*AIM OF THE TASK*
Write again exactly the lines in the listing below, starting at the line with "Roses Watercolour Standard" and ending at the line with "Picture of Elegant", both included. Pictures are not copied.

*GIVEN RECORDS*
::::

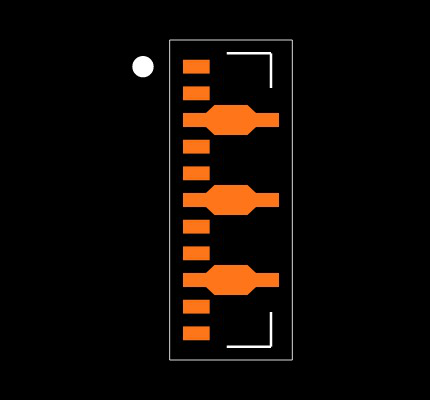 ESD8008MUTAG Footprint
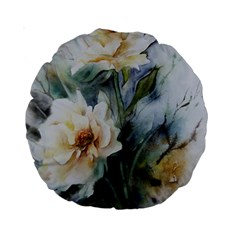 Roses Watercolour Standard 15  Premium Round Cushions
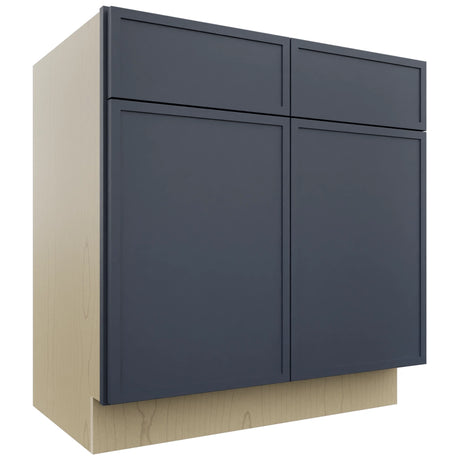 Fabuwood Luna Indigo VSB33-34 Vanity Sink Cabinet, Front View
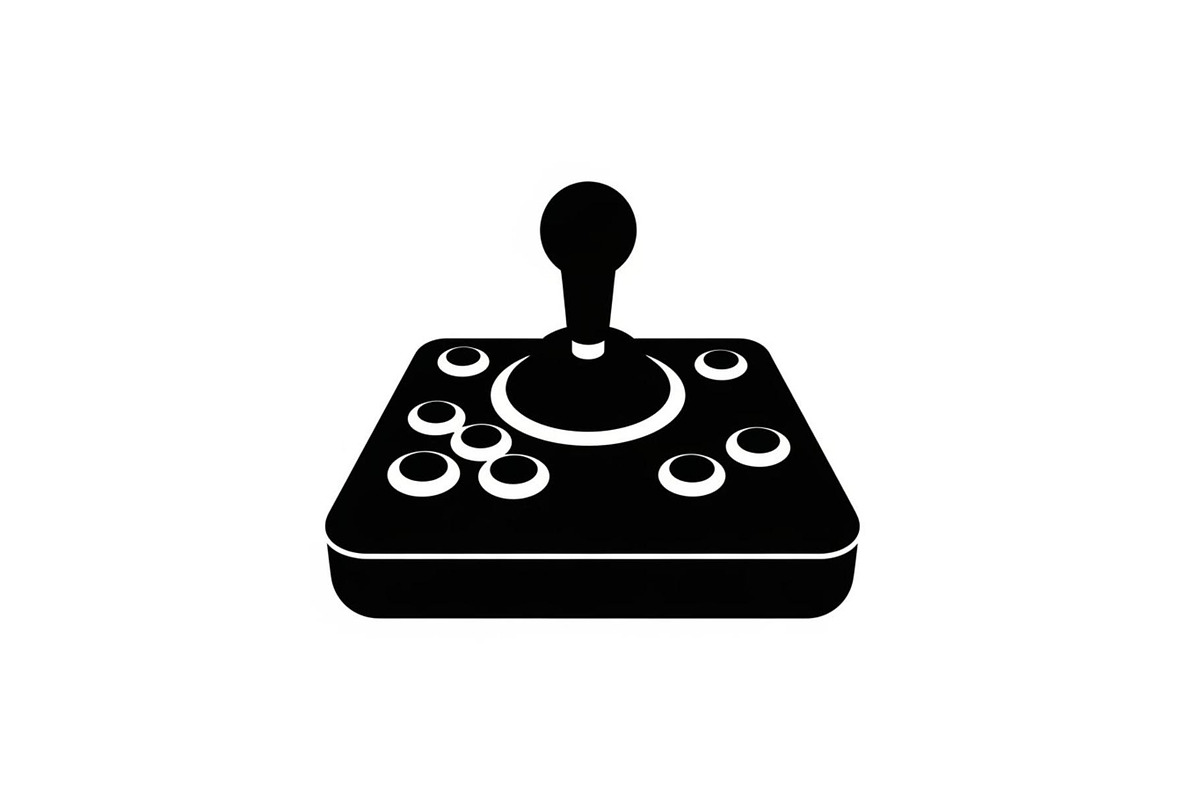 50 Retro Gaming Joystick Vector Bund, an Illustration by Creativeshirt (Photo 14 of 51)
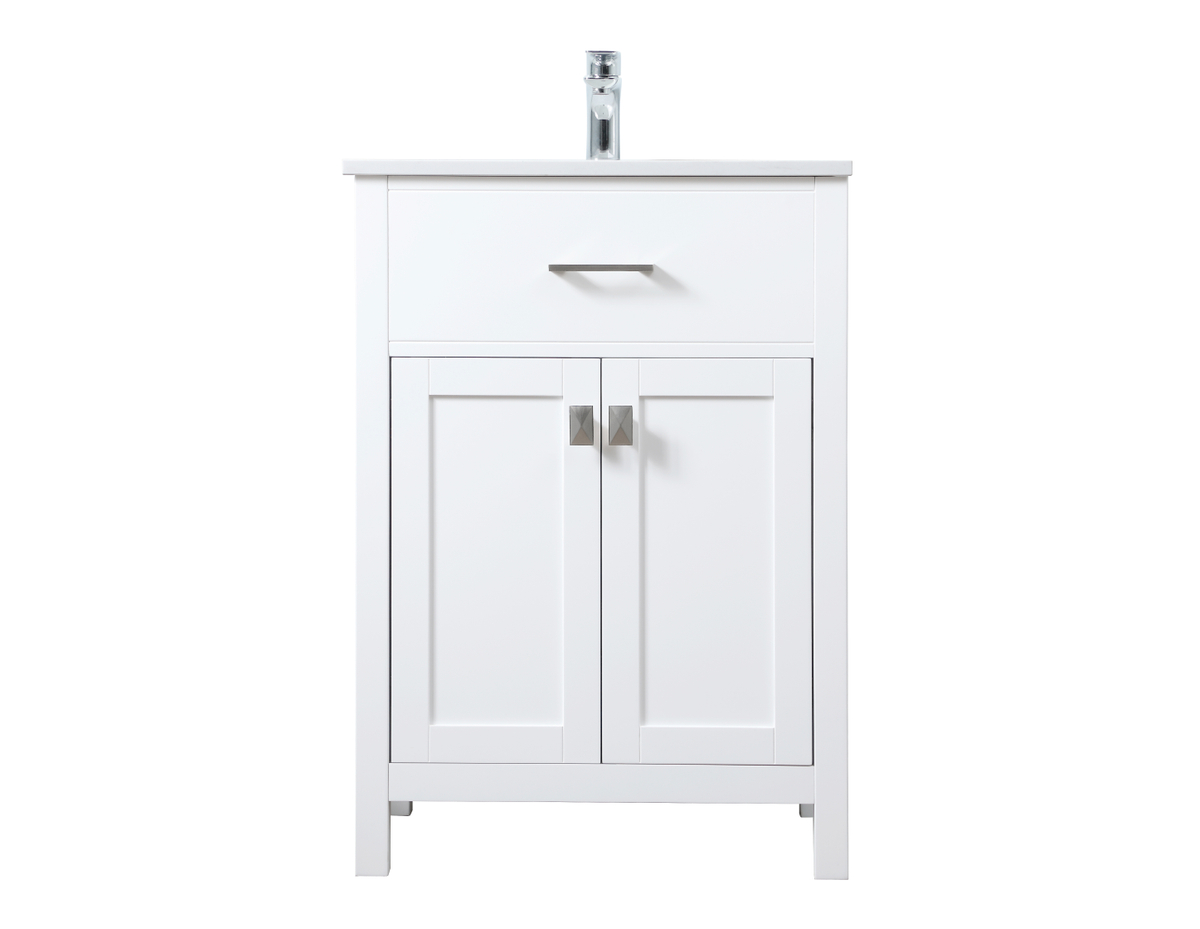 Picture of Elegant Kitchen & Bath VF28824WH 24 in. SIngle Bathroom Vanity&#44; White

::::

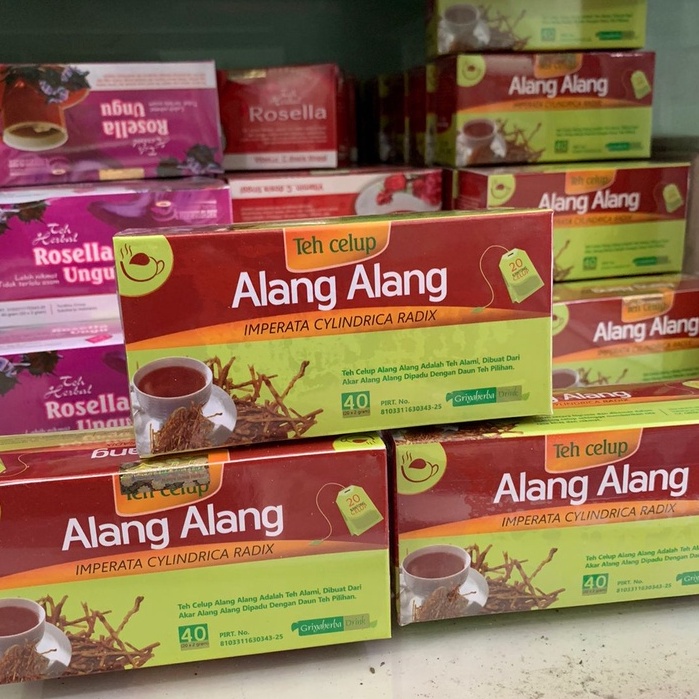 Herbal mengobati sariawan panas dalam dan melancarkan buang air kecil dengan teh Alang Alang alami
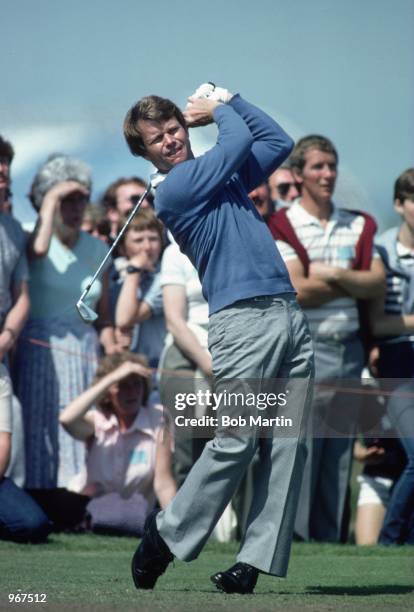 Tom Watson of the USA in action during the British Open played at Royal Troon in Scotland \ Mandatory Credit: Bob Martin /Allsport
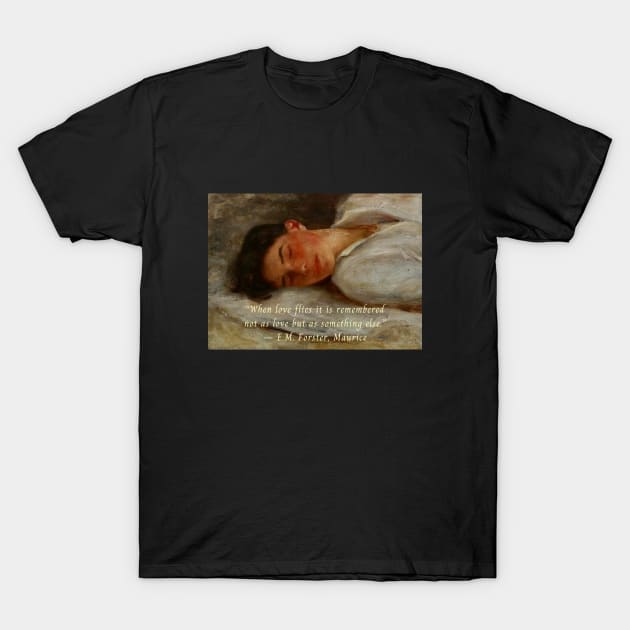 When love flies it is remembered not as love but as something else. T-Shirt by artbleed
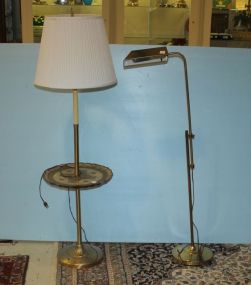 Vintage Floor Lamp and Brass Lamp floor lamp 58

::::

*SOLUTION*
 Roses Watercolour Standard 15  Premium Round Cushions
 Fabuwood Luna Indigo VSB33-34 Vanity Sink Cabinet, Front View
 50 Retro Gaming Joystick Vector Bund, an Illustration by Creativeshirt (Photo 14 of 51)
 Picture of Elegant Kitchen & Bath VF28824WH 24 in. SIngle Bathroom Vanity&#44; White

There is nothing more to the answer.